* [Aim of the task]: Output only the lines below from the one holding "Open the new" down to the one holding "We want the", both end lines included and every picture dropped.
Segment Start: Source data
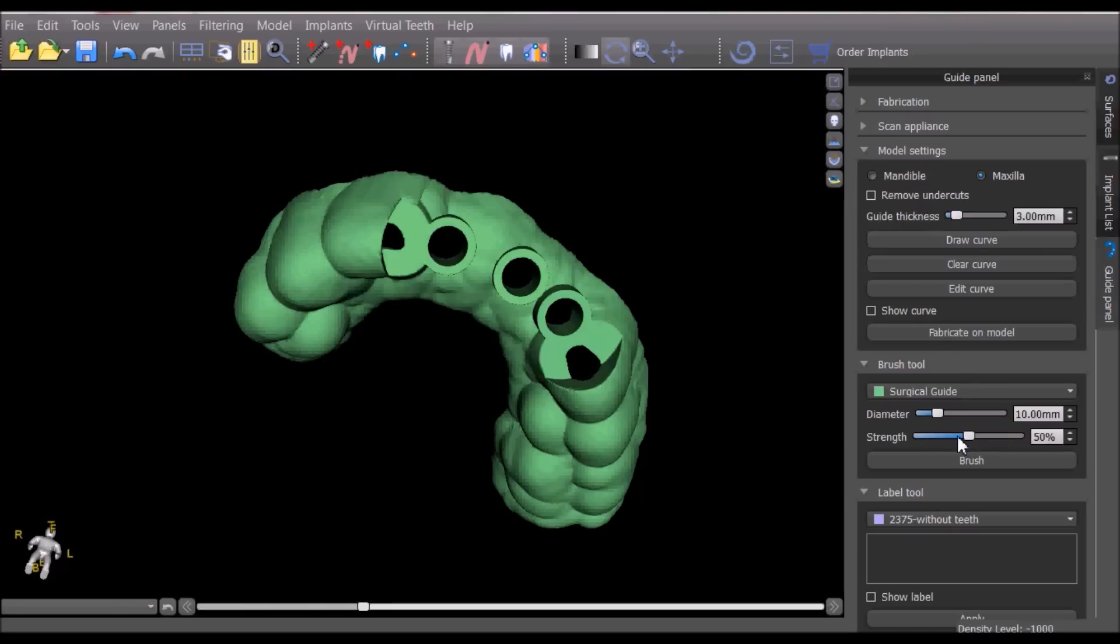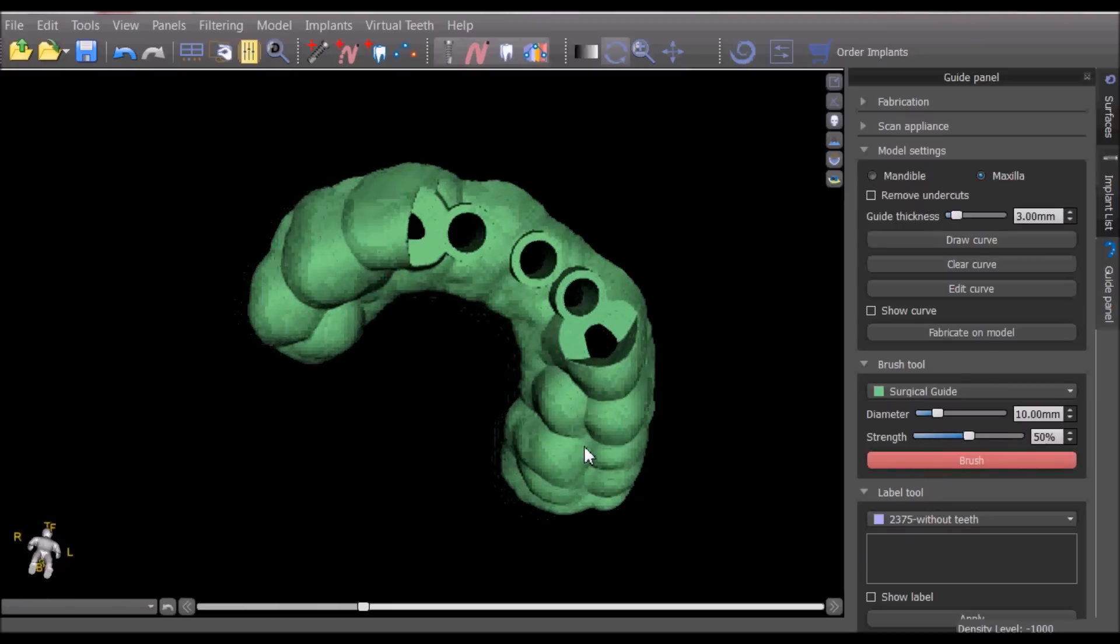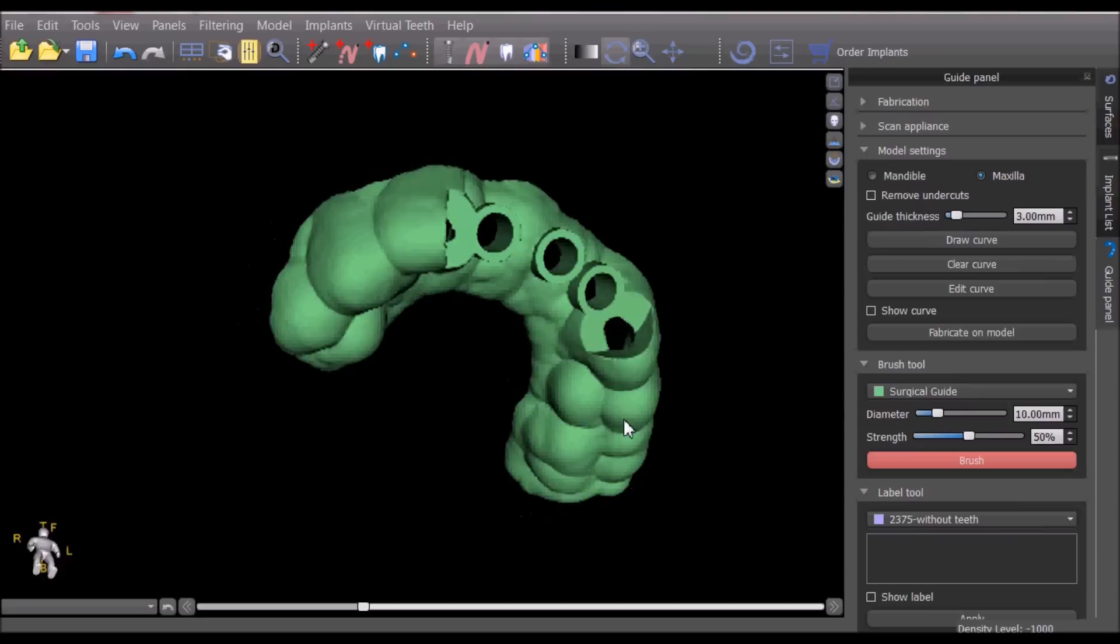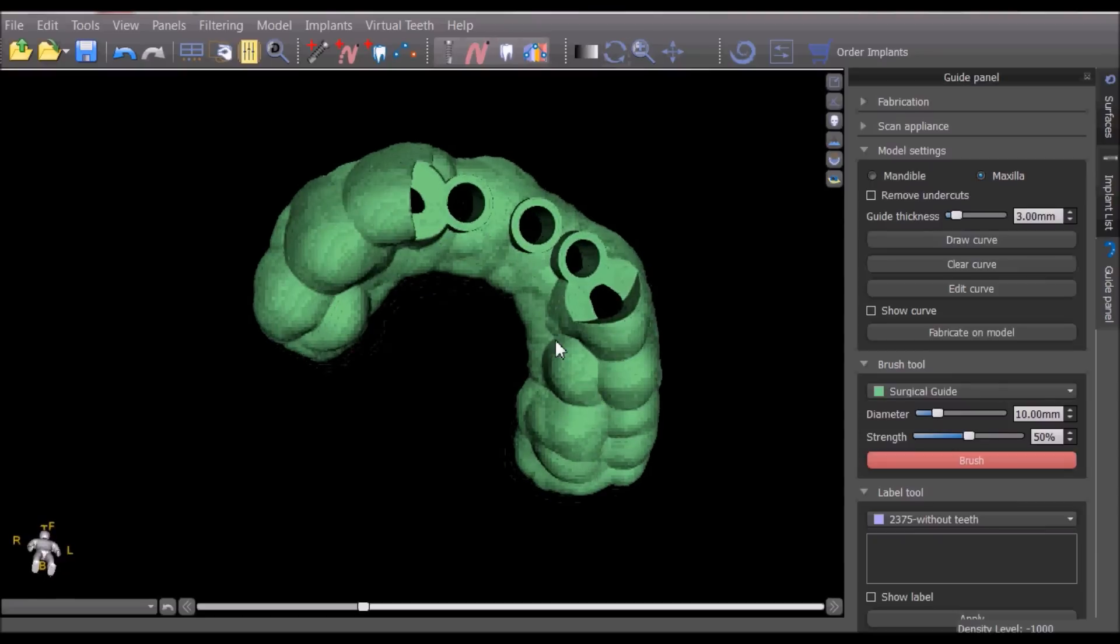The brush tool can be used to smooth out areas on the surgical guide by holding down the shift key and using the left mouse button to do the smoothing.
Segment End: Source data
Segment Start: Source data
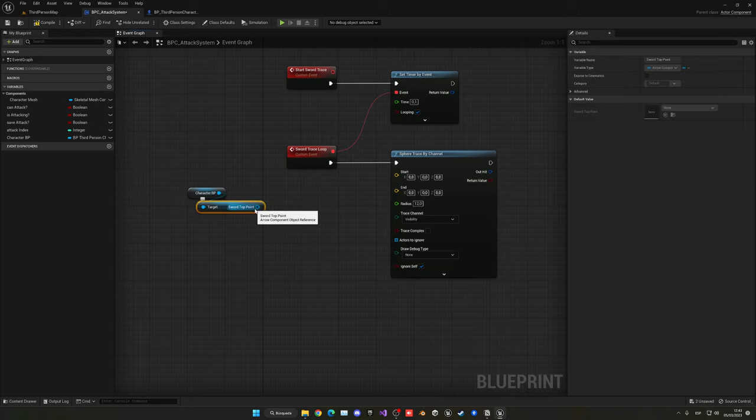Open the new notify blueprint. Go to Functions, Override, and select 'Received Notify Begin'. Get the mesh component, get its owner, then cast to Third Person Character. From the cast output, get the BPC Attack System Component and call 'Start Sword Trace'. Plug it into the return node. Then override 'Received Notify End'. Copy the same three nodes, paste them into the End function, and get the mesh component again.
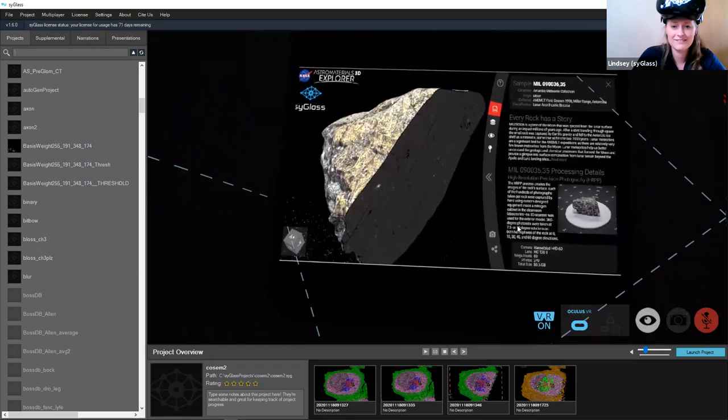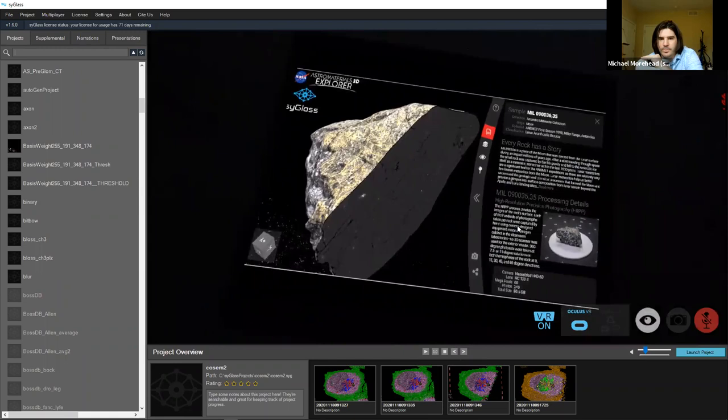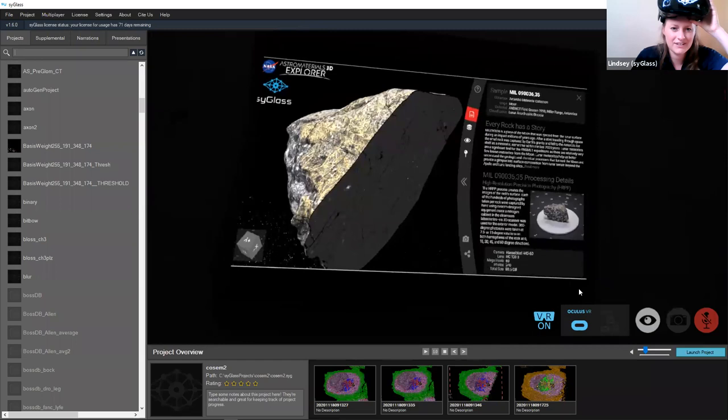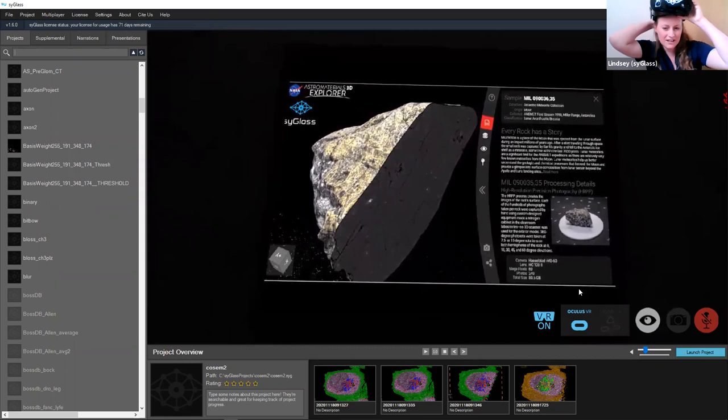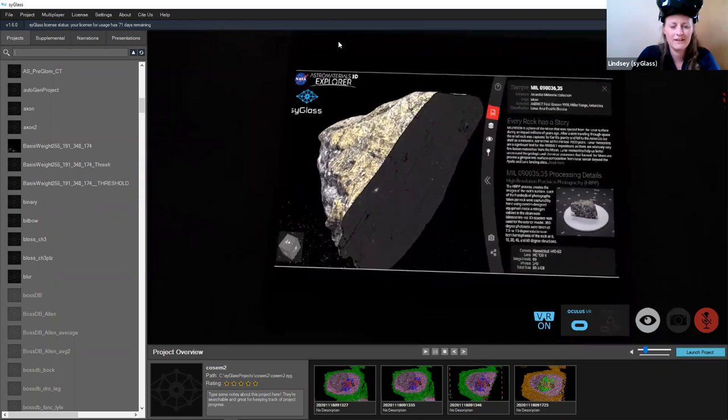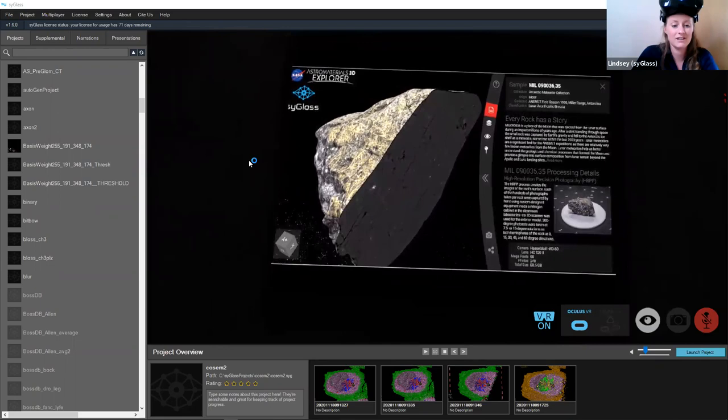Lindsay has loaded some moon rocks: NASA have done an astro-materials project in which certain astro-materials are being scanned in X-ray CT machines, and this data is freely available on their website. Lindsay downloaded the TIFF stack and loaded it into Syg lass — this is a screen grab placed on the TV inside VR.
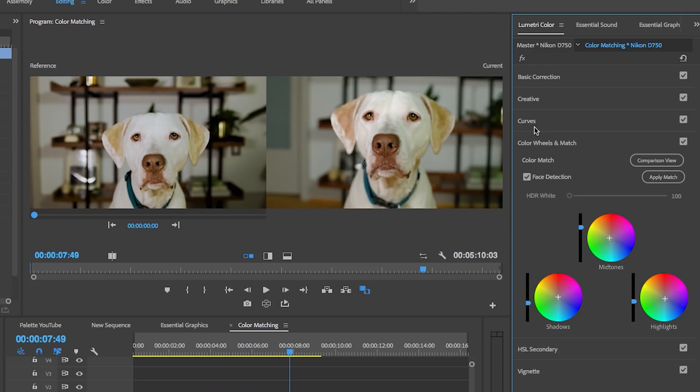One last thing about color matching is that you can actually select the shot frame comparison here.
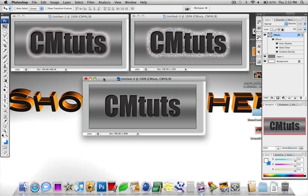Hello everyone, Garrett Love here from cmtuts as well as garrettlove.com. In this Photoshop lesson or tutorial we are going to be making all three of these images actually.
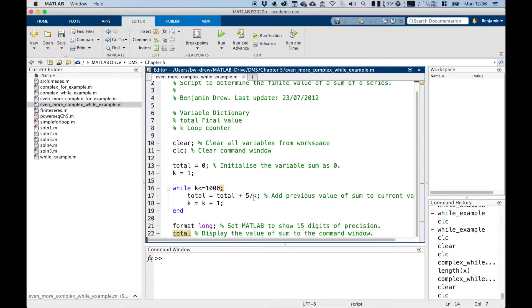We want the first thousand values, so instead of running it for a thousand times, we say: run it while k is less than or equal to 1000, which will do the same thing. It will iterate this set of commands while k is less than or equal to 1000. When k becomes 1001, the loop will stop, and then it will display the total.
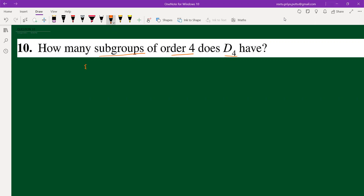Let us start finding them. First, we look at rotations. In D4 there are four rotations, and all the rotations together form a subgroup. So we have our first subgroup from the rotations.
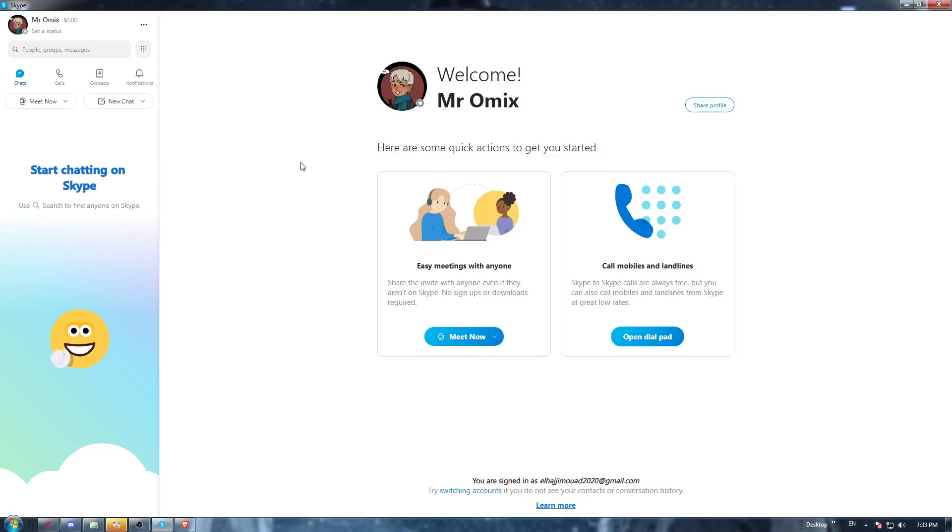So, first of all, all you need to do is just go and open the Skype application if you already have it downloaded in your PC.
Segment End: Source data
Segment Start: Source data
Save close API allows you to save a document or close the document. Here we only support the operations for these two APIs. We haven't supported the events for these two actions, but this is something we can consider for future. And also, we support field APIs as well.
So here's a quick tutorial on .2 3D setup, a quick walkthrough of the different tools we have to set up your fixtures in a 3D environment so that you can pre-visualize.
Segment End: Source data
* [Exercise result]:
Open the new notify blueprint. Go to Functions, Override, and select 'Received Notify Begin'. Get the mesh component, get its owner, then cast to Third Person Character. From the cast output, get the BPC Attack System Component and call 'Start Sword Trace'. Plug it into the return node. Then override 'Received Notify End'. Copy the same three nodes, paste them into the End function, and get the mesh component again.
Lindsay has loaded some moon rocks: NASA have done an astro-materials project in which certain astro-materials are being scanned in X-ray CT machines, and this data is freely available on their website. Lindsay downloaded the TIFF stack and loaded it into Syg lass — this is a screen grab placed on the TV inside VR.
One last thing about color matching is that you can actually select the shot frame comparison here.
Hello everyone, Garrett Love here from cmtuts as well as garrettlove.com. In this Photoshop lesson or tutorial we are going to be making all three of these images actually.
We want the first thousand values, so instead of running it for a thousand times, we say: run it while k is less than or equal to 1000, which will do the same thing. It will iterate this set of commands while k is less than or equal to 1000. When k becomes 1001, the loop will stop, and then it will display the total.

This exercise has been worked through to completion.